## [Task objective]
Exact copy, no pictures: repeat the data that follows.

[[ Dataset extract, beginning ]]

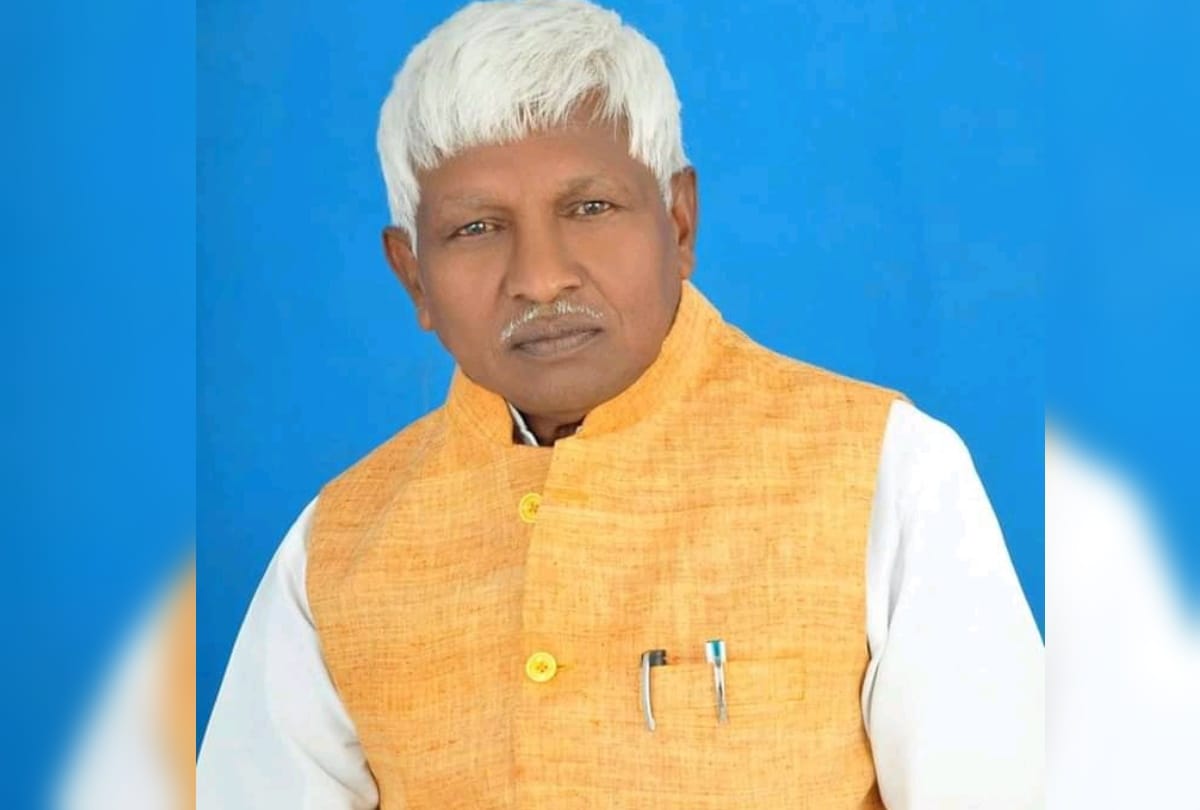Khajni MLA and his son accused of taking possession of land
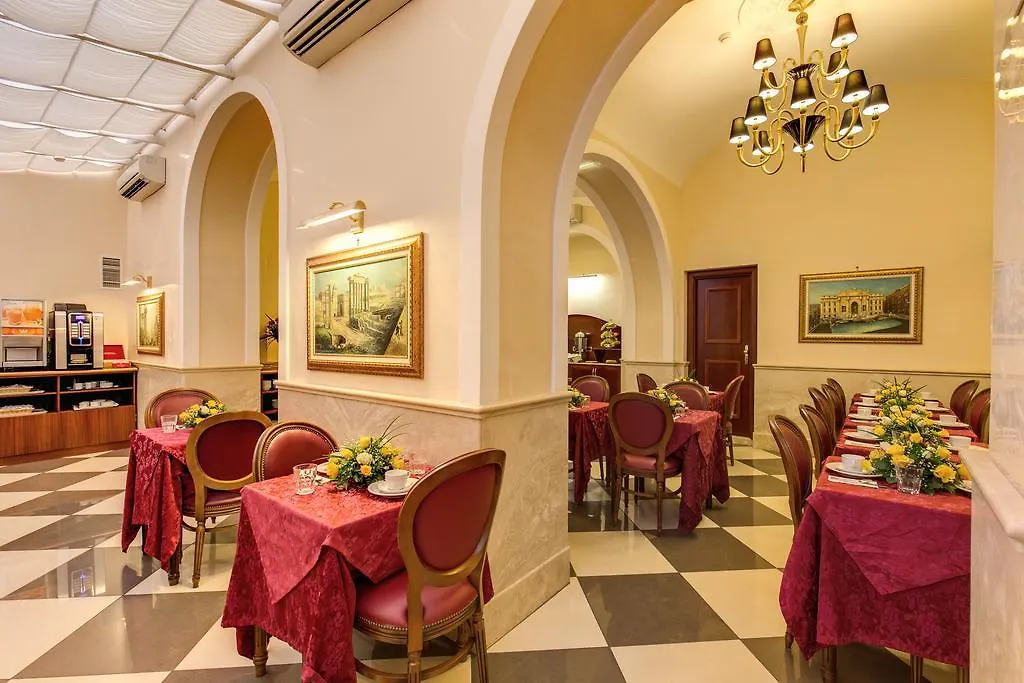 Hotel Contilia Rome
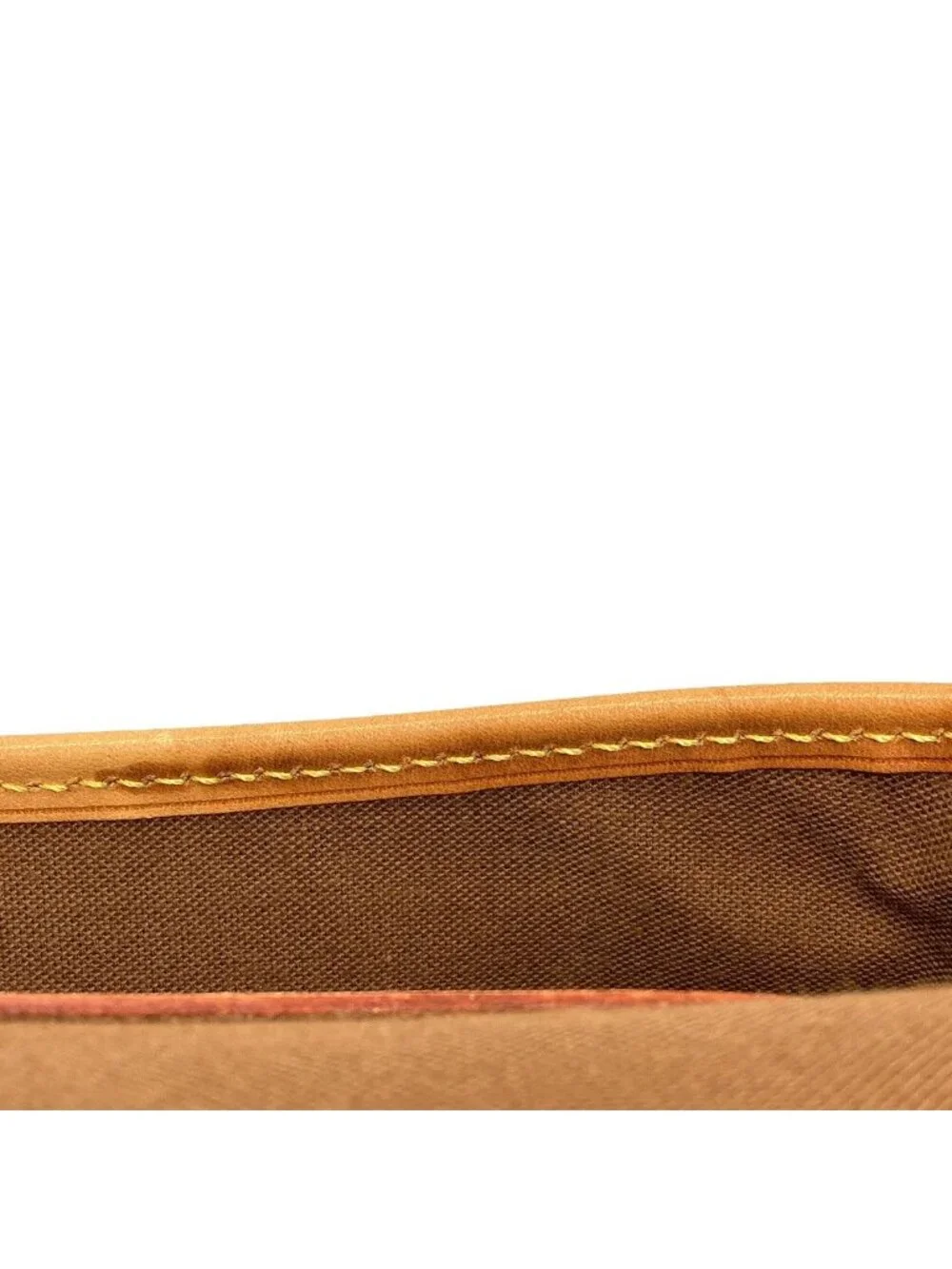 Louis Vuitton Sologne Shoulder Bag Monogram Canvas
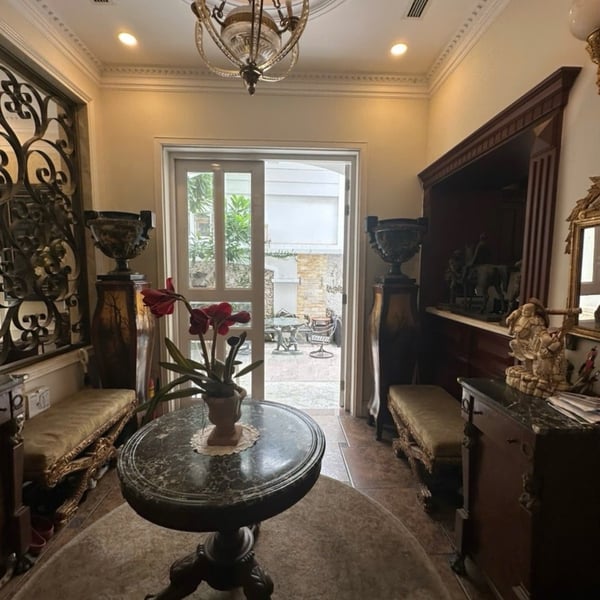 Bán biệt thự Thảo Điền số 8 Đường 42, P. Thảo Điền, Quận 2 cũ - TP. Thủ Đức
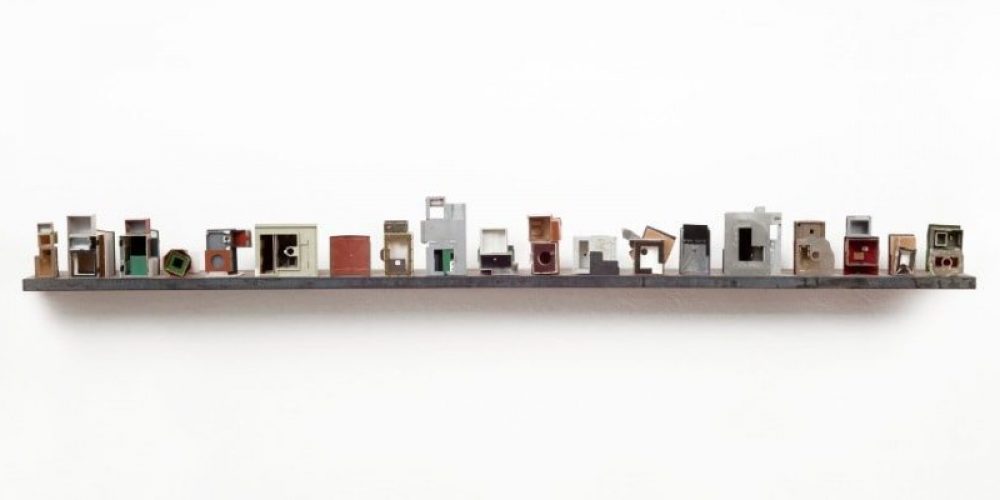 Ausstellung xT | Galerie Martin Mertens | 18.06.-23.07.2016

[[ Dataset extract, end ]]

## [Response to this exercise]
Khajni MLA and his son accused of taking possession of land
 Hotel Contilia Rome
 Louis Vuitton Sologne Shoulder Bag Monogram Canvas
 Bán biệt thự Thảo Điền số 8 Đường 42, P. Thảo Điền, Quận 2 cũ - TP. Thủ Đức
 Ausstellung xT | Galerie Martin Mertens | 18.06.-23.07.2016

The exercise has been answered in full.